++++ Data provided ++++

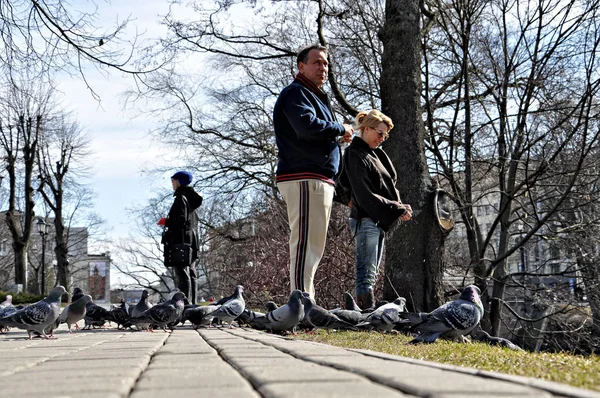 RIGA, LETTONIE - 13 AVRIL 2011 : Dans les premiers jours chauds du parc de printemps de la ville, des inconnus nourrissaient les oiseaux . — Photo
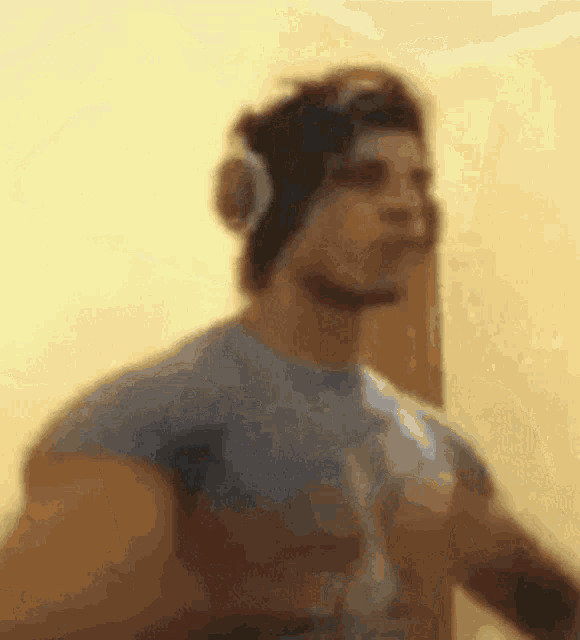 a blurred image of a man wearing headphones and a blue shirt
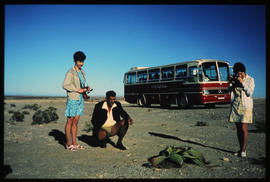 Namib Desert, South-West Africa, 1972. SAR Mercedes Benz tour bus at Welwitchia plant.
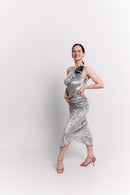 Woman wearing a silver dress against a white background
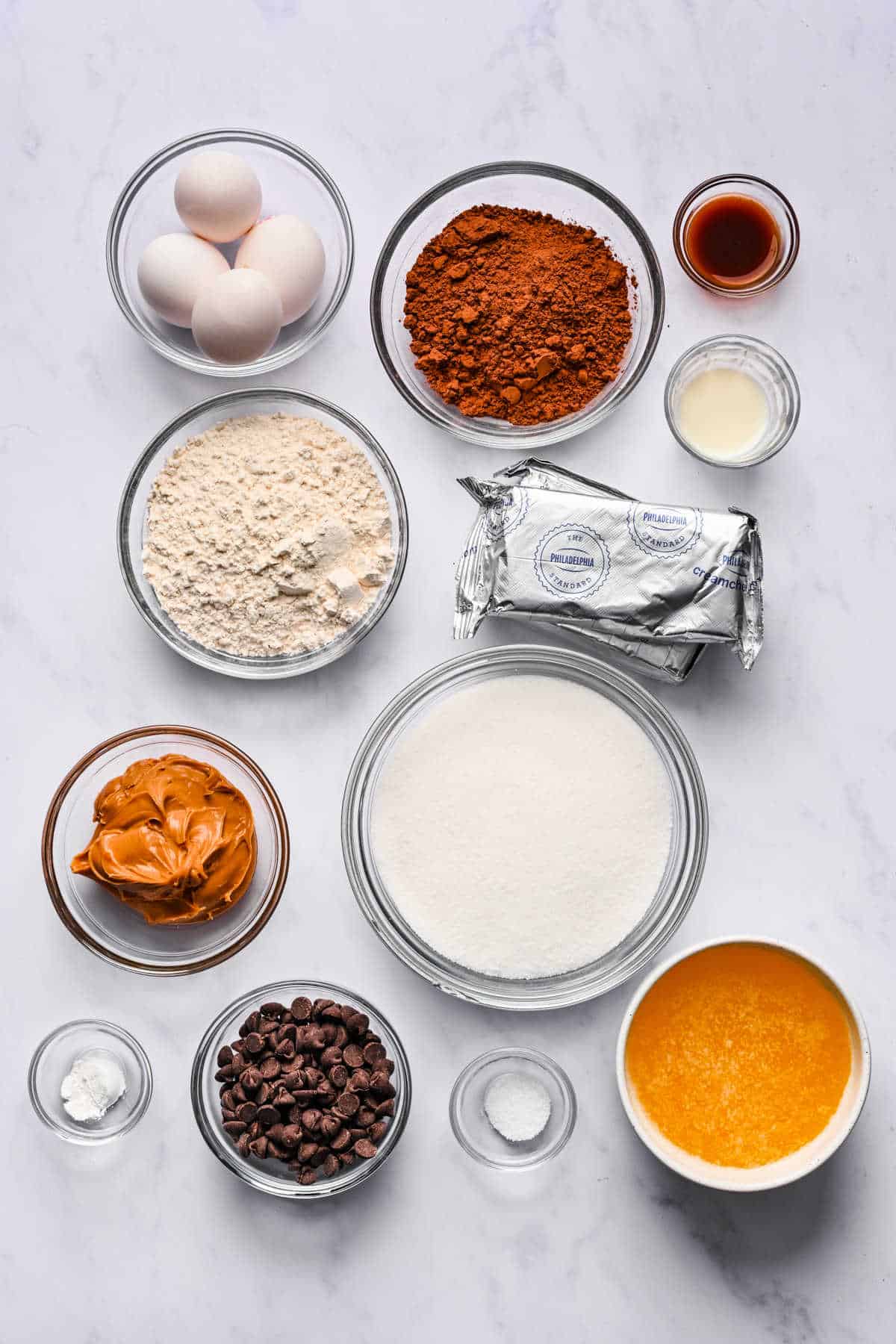 Ingredients for peanut butter brownies in dishes. 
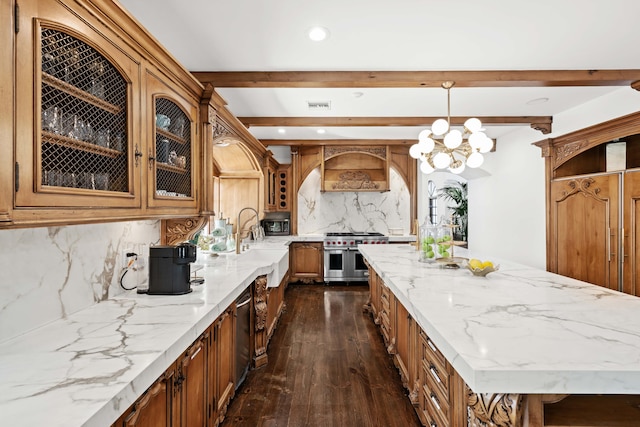 kitchen with decorative light fixtures, tasteful backsplash, a notable chandelier, dark hardwood / wood-style flooring, and stainless steel appliances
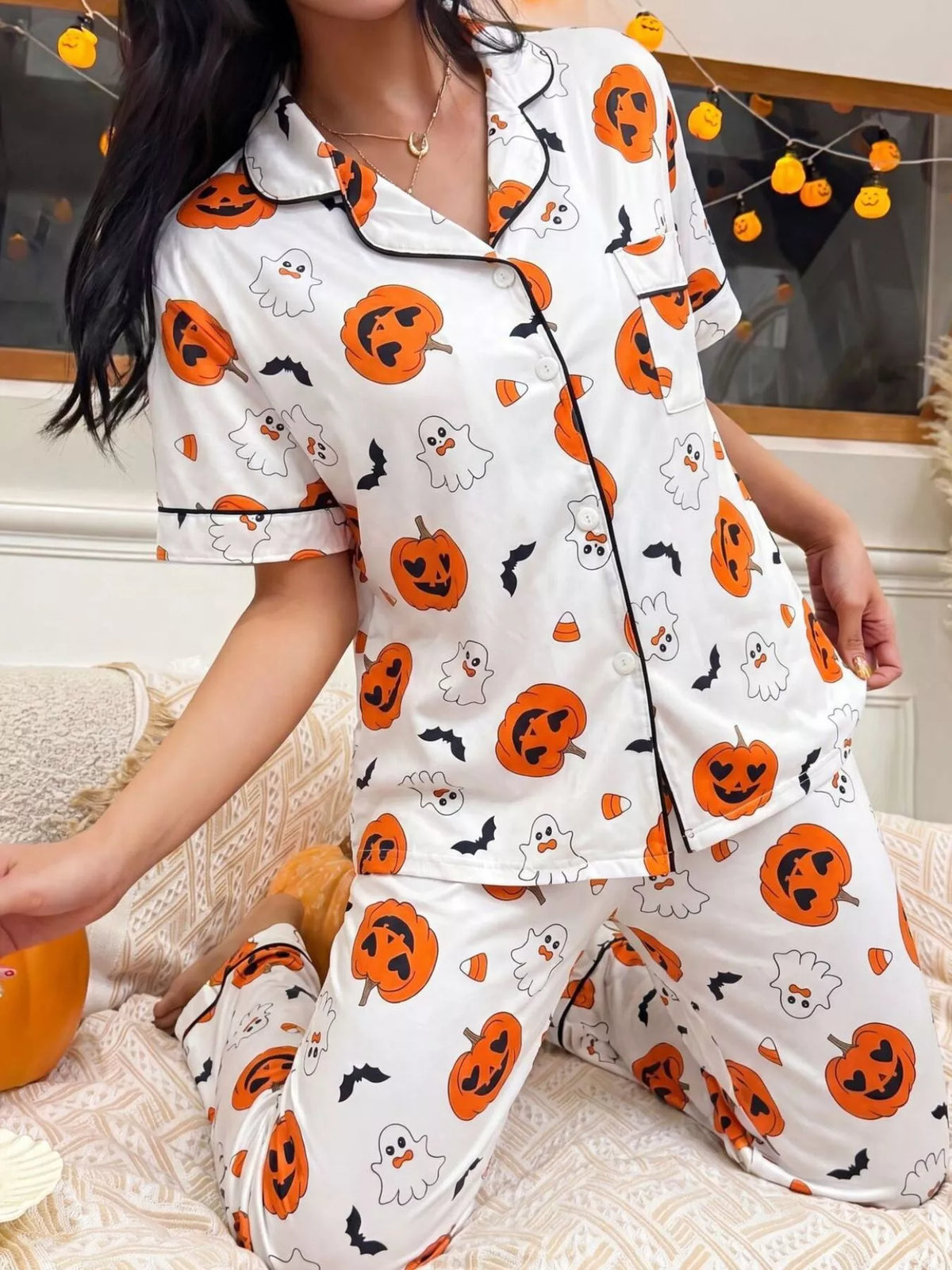 White Halloween pajama set with pumpkin and ghost motifs, button-front short-sleeve top and pants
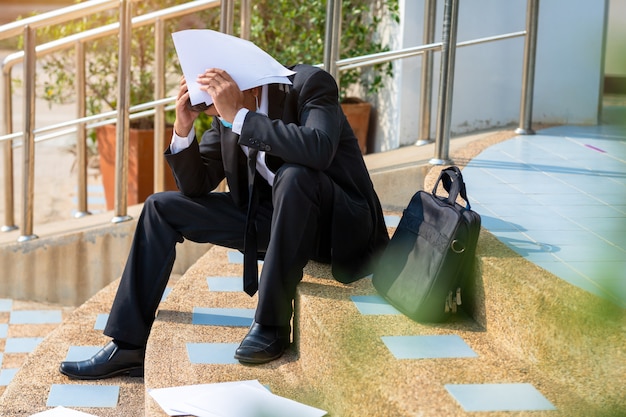 Asiatische Menschen arbeitsloser Geschäftsmann Stress sitzen auf der Treppe, Konzept des Unternehmensversagens und Arbeitslosigkeit Problem aufgrund der globalen Auswirkungen von COVID-19.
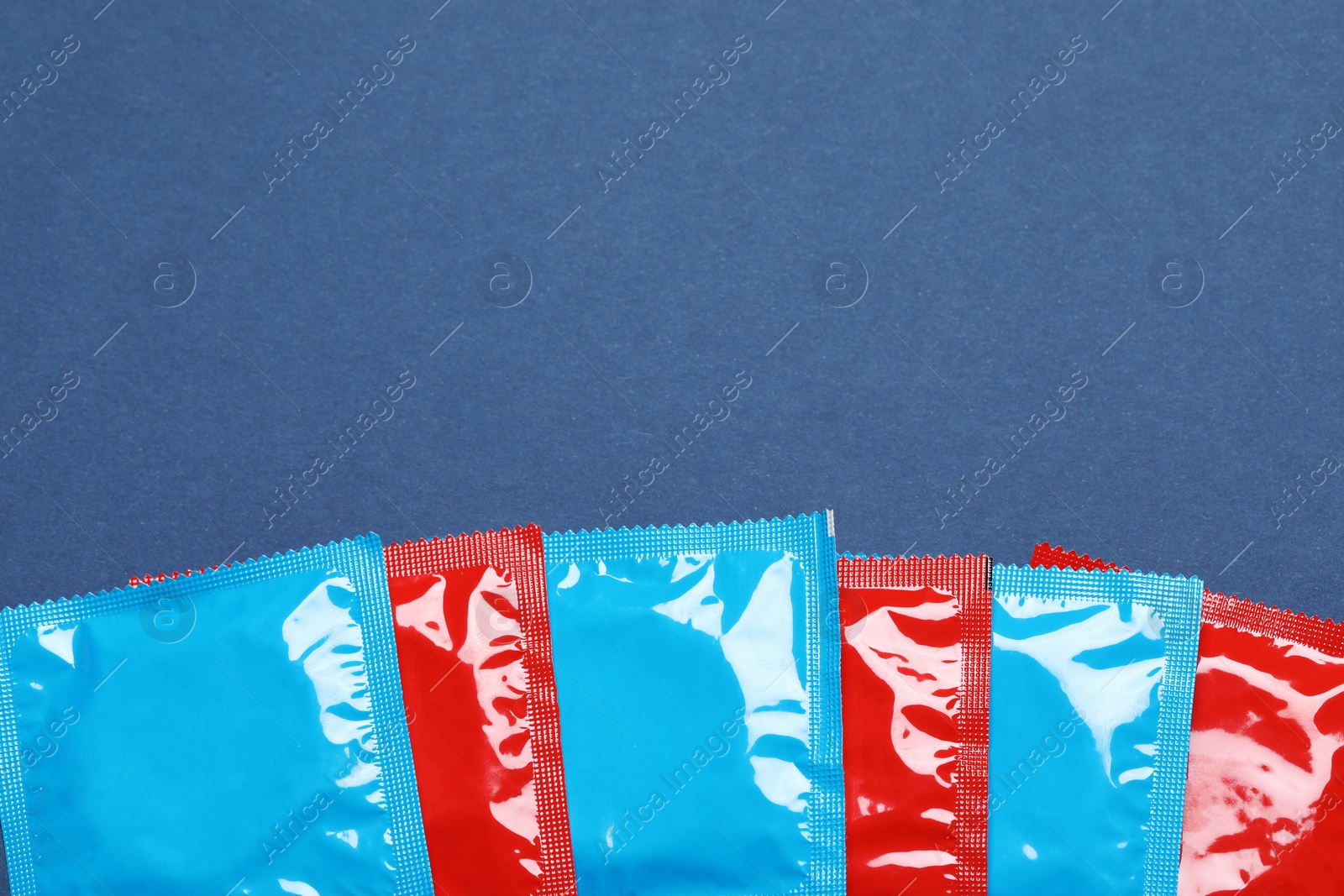 Photo of Condom packages on blue background, flat lay with space for text. Safe sex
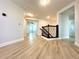 Hallway features wood floors and a wooden staircase at 2648 Needlepoint St, Kissimmee, FL 34741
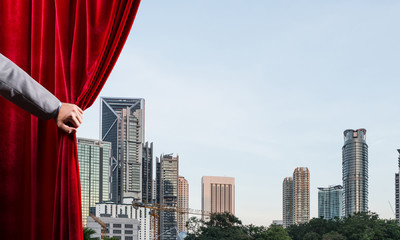Modern business cityscape behind curtain opened by businessman hand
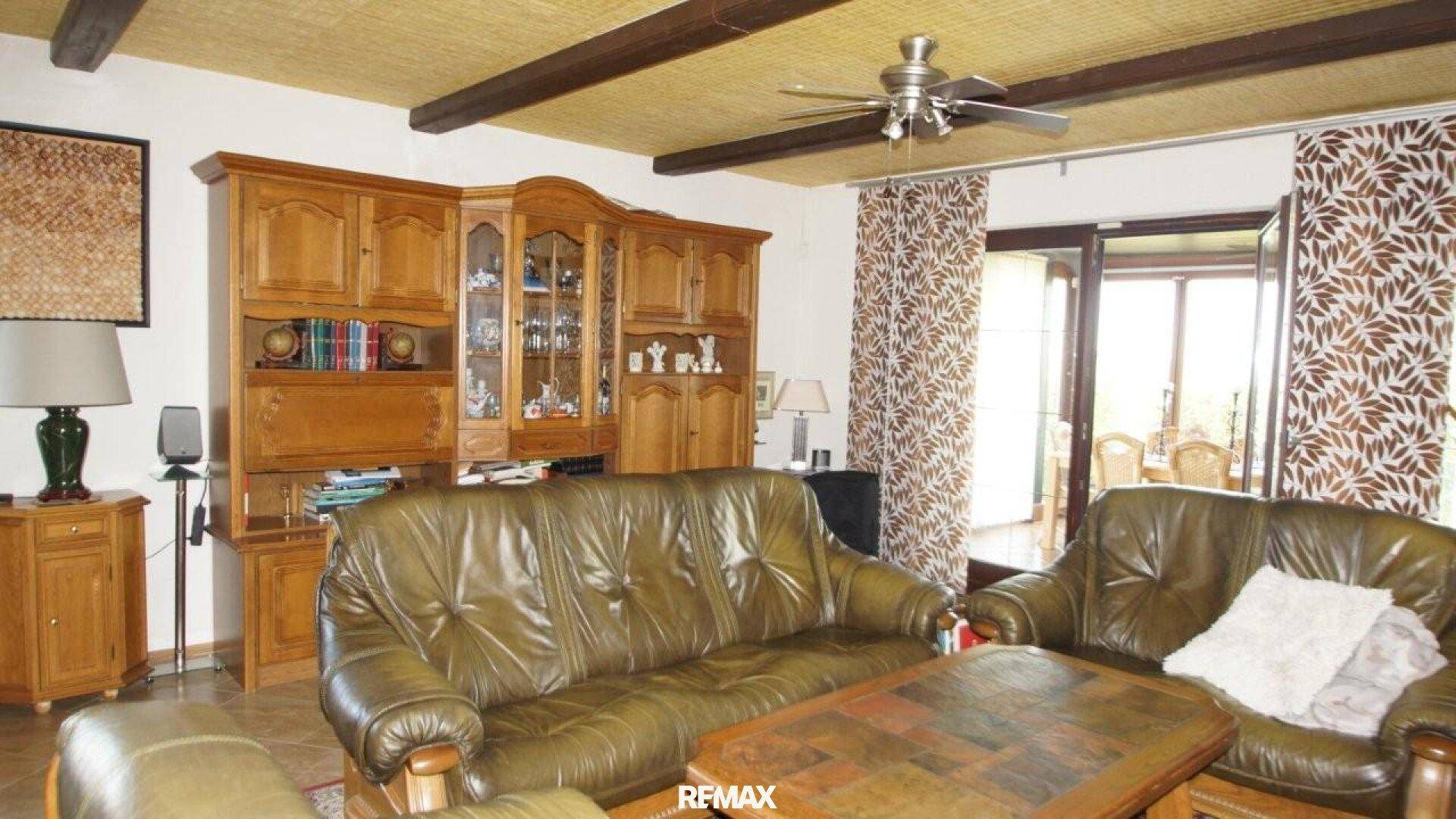Traditionelles Wohnzimmer mit Holzschrankwand, Deckenbalken und Zugang zum Außenbereich.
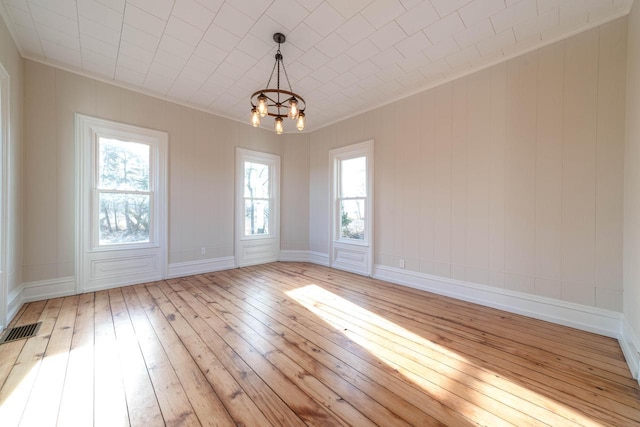 empty room with ornamental molding, a notable chandelier, and light hardwood / wood-style flooring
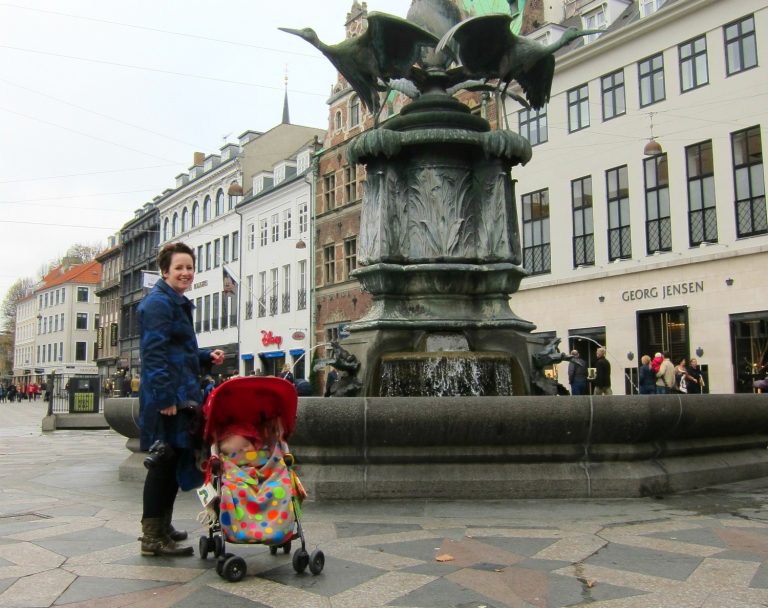 Standing with my sleeping toddler in our travel stroller, tucked up in a Buggysnuggle universal buggy footmuff, while exploring Copenhagen - my review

++++

Exercise directions: When you repeat the data, keep every line exact and drop the images.

Output of the task:
 RIGA, LETTONIE - 13 AVRIL 2011 : Dans les premiers jours chauds du parc de printemps de la ville, des inconnus nourrissaient les oiseaux . — Photo
 a blurred image of a man wearing headphones and a blue shirt
 Namib Desert, South-West Africa, 1972. SAR Mercedes Benz tour bus at Welwitchia plant.
 Woman wearing a silver dress against a white background
 Ingredients for peanut butter brownies in dishes. 
 kitchen with decorative light fixtures, tasteful backsplash, a notable chandelier, dark hardwood / wood-style flooring, and stainless steel appliances
 White Halloween pajama set with pumpkin and ghost motifs, button-front short-sleeve top and pants
 Asiatische Menschen arbeitsloser Geschäftsmann Stress sitzen auf der Treppe, Konzept des Unternehmensversagens und Arbeitslosigkeit Problem aufgrund der globalen Auswirkungen von COVID-19.
 Photo of Condom packages on blue background, flat lay with space for text. Safe sex
 Hallway features wood floors and a wooden staircase at 2648 Needlepoint St, Kissimmee, FL 34741
Modern business cityscape behind curtain opened by businessman hand
Traditionelles Wohnzimmer mit Holzschrankwand, Deckenbalken und Zugang zum Außenbereich.
 empty room with ornamental molding, a notable chandelier, and light hardwood / wood-style flooring
 Standing with my sleeping toddler in our travel stroller, tucked up in a Buggysnuggle universal buggy footmuff, while exploring Copenhagen - my review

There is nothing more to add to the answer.